> [EXERCISE DETAILS] Set the listing down unchanged, minus every embedded image.
[DATA Boundary: Start]
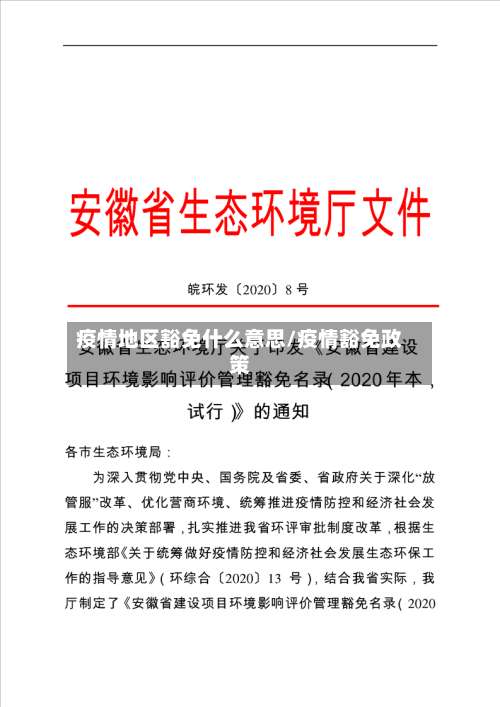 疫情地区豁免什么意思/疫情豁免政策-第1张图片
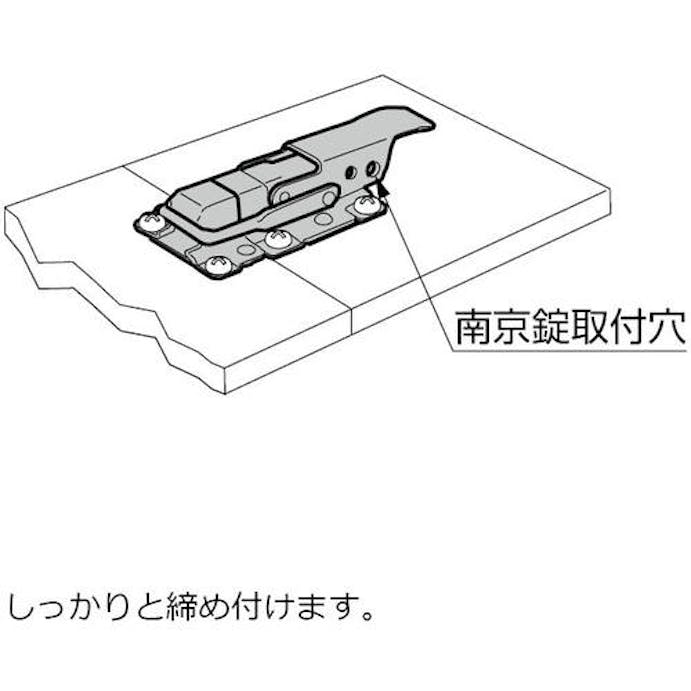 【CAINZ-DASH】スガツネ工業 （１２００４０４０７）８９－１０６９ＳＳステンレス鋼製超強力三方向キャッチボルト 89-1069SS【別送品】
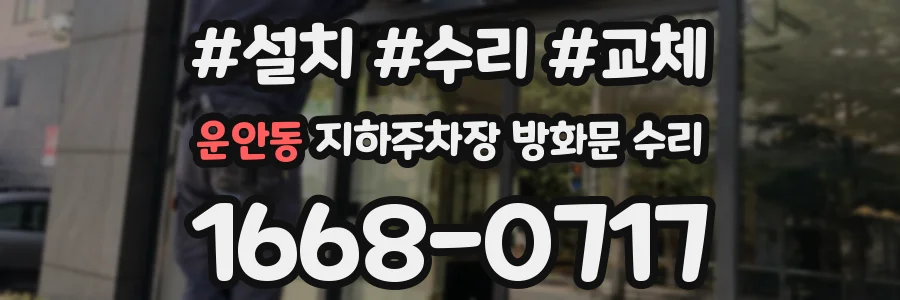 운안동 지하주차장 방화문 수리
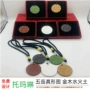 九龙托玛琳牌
[DATA Boundary: End]
> [THE COMPLETED TASK]
 疫情地区豁免什么意思/疫情豁免政策-第1张图片
 【CAINZ-DASH】スガツネ工業 （１２００４０４０７）８９－１０６９ＳＳステンレス鋼製超強力三方向キャッチボルト 89-1069SS【別送品】
 운안동 지하주차장 방화문 수리
 九龙托玛琳牌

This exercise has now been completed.